Taking a look at the data and now understanding how it behaves, in order to calculate the ratio of active users in the US, we would need:

User_id: to count users
Status: to filter users based on their status
Country: to filter users based on their country

3. Visualize the output

Why is this important? And what does it actually mean? It’s important to understand what the end result will look like. This will help you design your solution and organize your code.

This SQL interview question is pretty simple though. It’s going to just be one column in the output with one number. We just want a ratio of active users divided by all users in the US. That’s the end result.

But to get to that result, we’ll need to do some processing and apply logic to the data columns we identified in the previous step. Here’s what we’ll need to do:

Filter for US users only
Count the number of users with status = ‘open’
Count the number of total users
Take the number of status open users and divide by the total number of users
I see two ways of organizing this solution.
a) One is to do all of the filtering and processing in one query
b) The other way is to do all the filtering and aggregation in a subquery and then take the ratio is the outer query. This is better for the organization both in an interview and on the job.

4. Code is increments

Coding in increments means exactly what you think it means.
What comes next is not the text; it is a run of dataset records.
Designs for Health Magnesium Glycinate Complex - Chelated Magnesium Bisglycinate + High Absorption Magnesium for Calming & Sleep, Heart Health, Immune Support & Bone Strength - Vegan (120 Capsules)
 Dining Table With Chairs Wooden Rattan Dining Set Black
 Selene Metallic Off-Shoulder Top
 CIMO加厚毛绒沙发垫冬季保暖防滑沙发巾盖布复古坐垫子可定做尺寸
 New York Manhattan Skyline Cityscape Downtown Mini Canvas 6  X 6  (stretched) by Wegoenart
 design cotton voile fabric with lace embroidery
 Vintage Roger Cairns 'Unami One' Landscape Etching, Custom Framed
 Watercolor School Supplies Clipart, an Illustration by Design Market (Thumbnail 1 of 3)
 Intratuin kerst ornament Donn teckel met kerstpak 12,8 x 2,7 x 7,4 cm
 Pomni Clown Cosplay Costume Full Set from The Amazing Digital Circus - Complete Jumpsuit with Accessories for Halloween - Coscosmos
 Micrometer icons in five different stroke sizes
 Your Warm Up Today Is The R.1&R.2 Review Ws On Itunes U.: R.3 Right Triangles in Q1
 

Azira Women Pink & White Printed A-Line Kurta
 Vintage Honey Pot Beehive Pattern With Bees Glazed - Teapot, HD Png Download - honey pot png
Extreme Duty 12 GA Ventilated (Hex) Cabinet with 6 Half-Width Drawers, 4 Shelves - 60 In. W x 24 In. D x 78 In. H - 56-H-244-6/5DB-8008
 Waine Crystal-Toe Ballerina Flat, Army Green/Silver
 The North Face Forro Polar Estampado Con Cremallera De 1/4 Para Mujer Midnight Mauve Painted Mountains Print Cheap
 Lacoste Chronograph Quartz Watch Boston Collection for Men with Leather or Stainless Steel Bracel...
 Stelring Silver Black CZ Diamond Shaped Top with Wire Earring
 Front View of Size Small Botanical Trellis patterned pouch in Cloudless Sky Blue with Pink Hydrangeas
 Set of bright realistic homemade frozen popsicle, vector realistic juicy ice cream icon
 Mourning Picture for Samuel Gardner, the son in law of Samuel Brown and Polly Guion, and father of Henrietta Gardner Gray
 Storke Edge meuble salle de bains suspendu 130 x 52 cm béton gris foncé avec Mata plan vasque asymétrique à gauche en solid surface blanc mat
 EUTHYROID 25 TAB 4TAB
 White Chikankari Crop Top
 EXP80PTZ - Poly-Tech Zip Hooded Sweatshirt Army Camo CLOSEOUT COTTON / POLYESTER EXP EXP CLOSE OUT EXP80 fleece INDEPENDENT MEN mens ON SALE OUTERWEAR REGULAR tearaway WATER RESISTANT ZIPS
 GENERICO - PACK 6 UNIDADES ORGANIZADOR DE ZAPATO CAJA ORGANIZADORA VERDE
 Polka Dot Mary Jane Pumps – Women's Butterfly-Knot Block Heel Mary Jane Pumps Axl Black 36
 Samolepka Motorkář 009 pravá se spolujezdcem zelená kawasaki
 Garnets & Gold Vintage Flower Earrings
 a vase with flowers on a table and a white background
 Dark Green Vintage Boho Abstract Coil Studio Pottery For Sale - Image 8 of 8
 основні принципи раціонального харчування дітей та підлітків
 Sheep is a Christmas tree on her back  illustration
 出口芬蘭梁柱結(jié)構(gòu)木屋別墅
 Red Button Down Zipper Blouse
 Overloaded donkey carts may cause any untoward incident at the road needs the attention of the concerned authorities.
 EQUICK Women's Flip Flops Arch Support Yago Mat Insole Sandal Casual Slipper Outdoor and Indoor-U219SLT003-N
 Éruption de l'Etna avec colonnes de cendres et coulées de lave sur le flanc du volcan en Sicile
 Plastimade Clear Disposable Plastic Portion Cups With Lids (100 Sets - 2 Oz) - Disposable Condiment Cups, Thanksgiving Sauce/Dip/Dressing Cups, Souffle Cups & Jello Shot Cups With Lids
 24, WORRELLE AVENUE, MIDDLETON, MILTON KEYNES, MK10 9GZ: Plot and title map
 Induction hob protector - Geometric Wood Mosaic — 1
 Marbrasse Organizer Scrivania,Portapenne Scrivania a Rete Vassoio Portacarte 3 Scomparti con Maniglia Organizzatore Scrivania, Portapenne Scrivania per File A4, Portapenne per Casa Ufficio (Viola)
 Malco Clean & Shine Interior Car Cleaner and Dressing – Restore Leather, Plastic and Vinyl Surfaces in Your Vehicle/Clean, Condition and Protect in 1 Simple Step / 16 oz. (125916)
Write some code, run the code, check out the output. Why do this and not just write out the entire solution? Because you want to make sure the logic you’re applying is being applied in exactly the way you thought it would be.

So let’s solve this SQL data analyst interview question now:

1. Filter users from the US only

select *
from fb_active_users
where country = 'USA'

2. Count active users only

select 
   count(case when status = 'open' then user_id else null end) as active_users
from fb_active_users
where country = 'USA'

3. Add the count of all users

select 
   count(case when status = 'open' then user_id else null end) as active_users,
   count(*) as total_users
from fb_active_users
where country = 'USA'

4. Let’s now take the ratio of the active users

select 
   count(case when status = 'open' then user_id else null end) / 
   count(*)::FLOAT as ratio_active_users
from fb_active_users
where country = 'USA'

The other way of solving this SQL interview problem is to create a subquery where you do all the filtering in the subquery and then take the ratio in the outer query. Why we do it this way? Because it’s a much longer process.

To some people, it’s more organized. You can debug and see exactly what’s going on without much refactoring. You have the counts and filters making one table before aggregating to get to the final ratio.

In an interview, sometimes as you’re talking and guiding the interviewer through your solution, it’s just natural to split apart the logic in this way. At the end of the solution, you can always tell the interviewer a more efficient way of coding up the solution. In fact, a lot of interviewers are going to ask you that question anyways so it’s nice to think about it in advance.

If you read this solution and it makes sense to you then congrats, you’re on the right track.

Solution of SQL Data Analyst Interview Question

To find more questions from Facebook, check out our articles "Facebook SQL interview question" and "Facebook Data Scientist Interview Questions".

Conclusion

As you can see, to solve this SQL data analyst interview question, you need to understand how to properly write a case statement, properly aggregate the results of the case statement, and then take a ratio from the result of the aggregation itself. All in one query.

The tricky part isn’t really even those 3 technical concepts. It’s organizing your code into logical steps -- as you can see there’s a subquery to split out the logic. But you don’t even need the subquery. And it’s more efficient not to have one.

And there’s also a data type conversion from an integer to a float so that your output can be between 0 and 1.

These are the little nuances you need to know in addition to these 3 concepts. Lots of people forget these small things, especially if you’re out of practice or nervous.

The more practice you have with these types of questions, the quicker you’ll see the patterns and be able to implement solutions.